Cela mène jusqu’à l’insolite sonorité maritime dans la pièce liée au tableau The HarvestersLa Moisson. L’ambigüité du timbre est levée pour peu qu’on considère comme englobante voire étouffante la chaleur dont certains se reposent déjà au premier plan du tableau. Le soleil, la masse de blé qu’il reste à moissonner et, tout de même, en arrière-plan l’étendue aqueuse surplombée de brume de chaleur. C’est ainsi que très curieusement cette pièce finit par prendre une coloration très industrielle, concentrée sur le bloc de son et ses échappements. On aurait pu s’attendre à plus de mélancolie lorsque le soleil de midi menace ainsi, mais c’est la pièce suivante, réalisée par Anemone Tube seul, qui est la plus affligée. C’est La Rentrée des troupeaux ; il est vrai que le rythme lancinant de la marche des bêtes, leur destin prochain sans doute, mais aussi le ciel noirci, inclinent à ce beau mouvement tidal presque dark ambient.
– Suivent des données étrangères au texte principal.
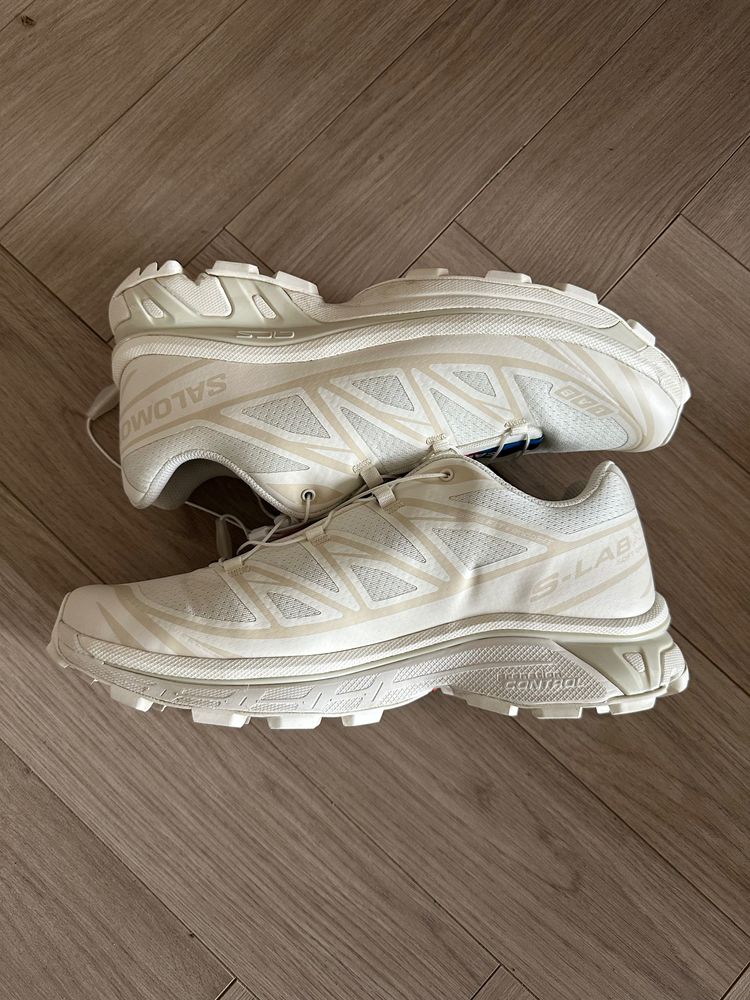 Salomon sportstyle XT6 image 4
Quand l’album se conclut, sur une pièce animée par les trois musiciens réunis, c’est pour la pièce titre, la plus longue aussi (dix-huit minutes), s’accrochant à l’un des tableaux les plus impressionnants de Pieter Bruegel, Chasseurs dans la neigeThe Hunters in the Snow. Ici encore, comme pour la pièce d’ouverture, le balayage domine, scannant le tableau en deux dimensions et répondant perpendiculairement au fond du paysage, à la dureté inexorable de roche et de neige. Progressant, la musique pourtant se heurte à la vie des premiers plans, opiniâtre face au petit âge glaciaire : les chasseurs peu chanceux, leurs chiens, les occupations auprès des habitations, le feu et, moins grave mais tout aussi essentielle, l’activité des patineurs en contrebas. Même sans écarter l’étrange concordance mer / blé de la troisième pièce, on trouve dans cette musique, principalement dans la première et la dernière pièces, une lente mise en branle de l’immobile, une animation par la respiration. Il me semble également que Thomas Köner a souvent fait de même survolant les étendues arctiques réputées invivables, dévoilant l’imperceptible mouvement de la lumière sur le bourdon immobile.